Tomba 2 Extraction Script
Tomba 2 Asset Extractor
Overview
This script is a specialized tool designed to extract and organize assets from the PlayStation game Tomba! 2: The Evil Swine Return. The script processes the game's .IDX
, .DAT
, and .IMG
files to extract and categorize data such as sprites, 3d models for assets, level geometry, text, and metadata. This is particularly useful for modding, asset recovery, or archival purposes.
The script relies on Python and uses the struct
module to interpret binary data formats. Users can customize the script to specify input (CDpath
) and output (outfolder
) directories for asset extraction.
Prerequisites
- Python installed on your system.
- A copy of the game's
.IDX
,.DAT
, and.IMG
files. - Basic understanding of binary file structures and file system operations.
Usage
Configure Input and Output Paths
Edit the following lines in the script to match the locations of your input files and desired output directory:
CDpath = "/path/to/TOMBA2/CD" # Location of the .IDX, .DAT, and .IMG files
outfolder = "/path/to/outputfolder" # Destination for extracted files
Ensure the paths do not include a trailing forward-slash (/
).
Execute the Script
Run the script using Python:
python tomba2_extractor.py
The script will read the .IDX
file to determine asset locations and extract data from the .DAT
and .IMG
files into organized subdirectories within the outfolder
.
How It Works
Creating Directories
The script creates a structured output directory with the following organization:
outputfolder/ ├── chunk_00/ │ ├── 00_sdats/ │ │ ├── 0000-1234.sdat │ │ └── 00_pointers.txt │ ├── 00_vrams/ │ │ ├── 0000-1234.cvram │ │ ├── 00_shards/ │ │ │ ├── 00-0.shard │ │ │ └── ... │ │ └── 00.vram │ └── 00_trail/ │ ├── 1234-5678.bin │ └── ... ├── chunk_01/ └── ...
Data Decoding with Tuplify
The tuplify
function splits a 32-bit integer into two components:
- dat_id: The higher 8 bits.
- dat_ptr: The lower 24 bits.
def tuplify(item): dat_id = item >> 24 dat_ptr = item & 0x00FFFFFF return (dat_id, dat_ptr)
This aids in interpreting asset pointers.
Reading Chunks
The .IDX
file is divided into fixed-size chunks.
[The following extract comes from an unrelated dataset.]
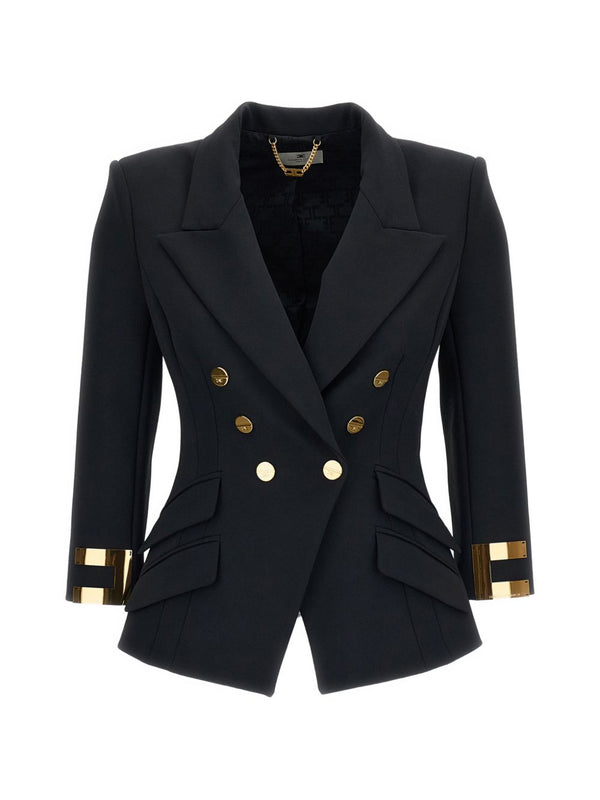 Jackets Black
For each chunk, the script extracts metadata, pointers, and actual data:
for chunk_index in range(int(os.path.getsize(idxpath) / chunk_size)): print(f"Reading Chunk index {chunk_index:02X}...") ...
Chunk Metadata
Chunk metadata includes:
- img_start and img_end: Texture data range in
.IMG
. - dat_start and dat_end: Asset data range in
.DAT
. - pointer_amount: Number of pointers for this chunk.
Reading Asset Data
Data is read from .IMG
and .DAT
using the ranges defined in the chunk metadata.
Handling Special Data Types
SDAT (Data) Pointers
SDAT data includes pointer structures interpreted as tuples using the tuplify
function. The extracted pointers are saved in a text file.
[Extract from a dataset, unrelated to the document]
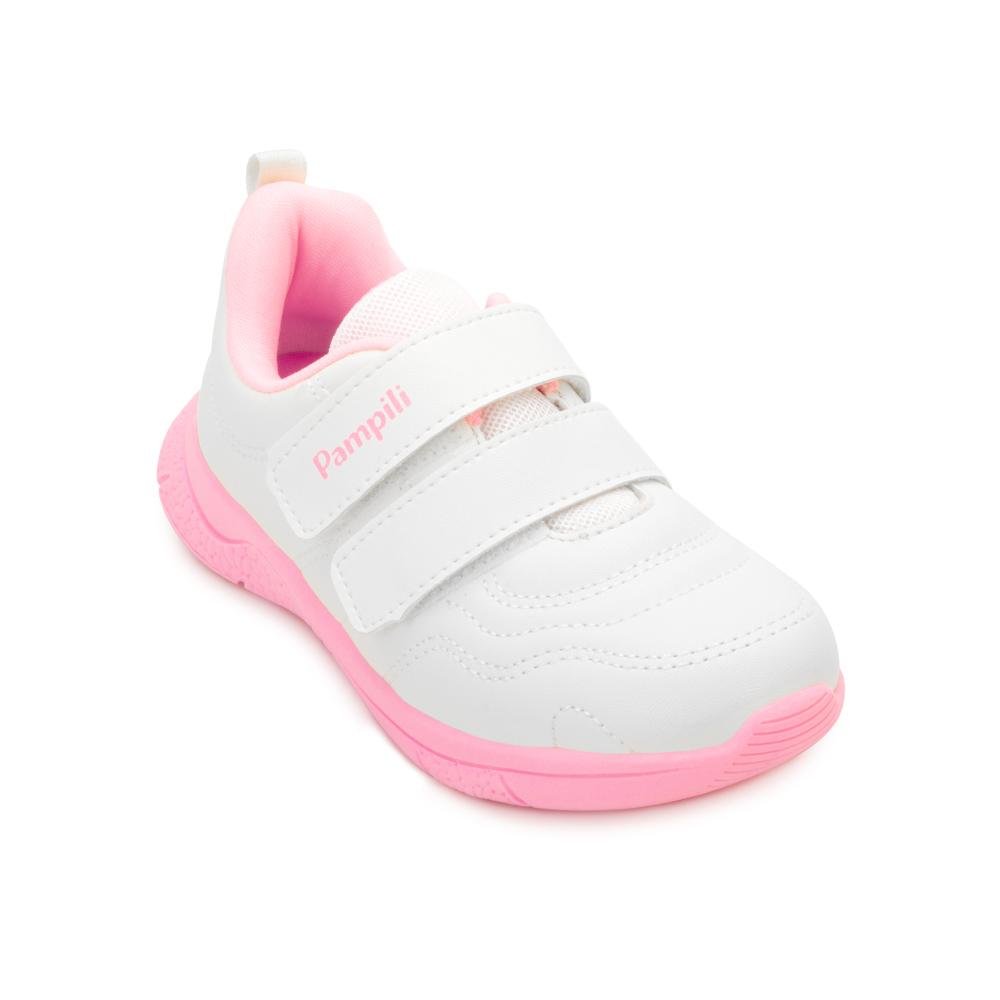 Tênis Pampili Infantil BR PP25-74501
out_sdat_info.write(f"ID: {sdat_pointers[i][0]:02X} | Pointer: {sdat_pointers[i][1]:04X}\n")
VRAM and Texture Shards
The .IMG
file contains VRAM data structured into texture "shards." Each shard corresponds to a texture fragment with its own metadata:
- x, y: Coordinates within VRAM.
- w, h: Dimensions of the texture.
Shards are recombined to form complete VRAM pages:
with open(imgdest + f"/{chunk_index:02X}.vram", "w+b") as vram: vram.seek(0x100000 - 1) vram.write(b"\0") ...
Trail Data
Trail data is the "trailer" section at the end of each chunk, containing additional asset ranges. The script identifies these ranges and extracts the corresponding data.
for t in range(0, len(traildata), 2): dat_trail_start, dat_trail_end = traildata[t], traildata[t+1] ...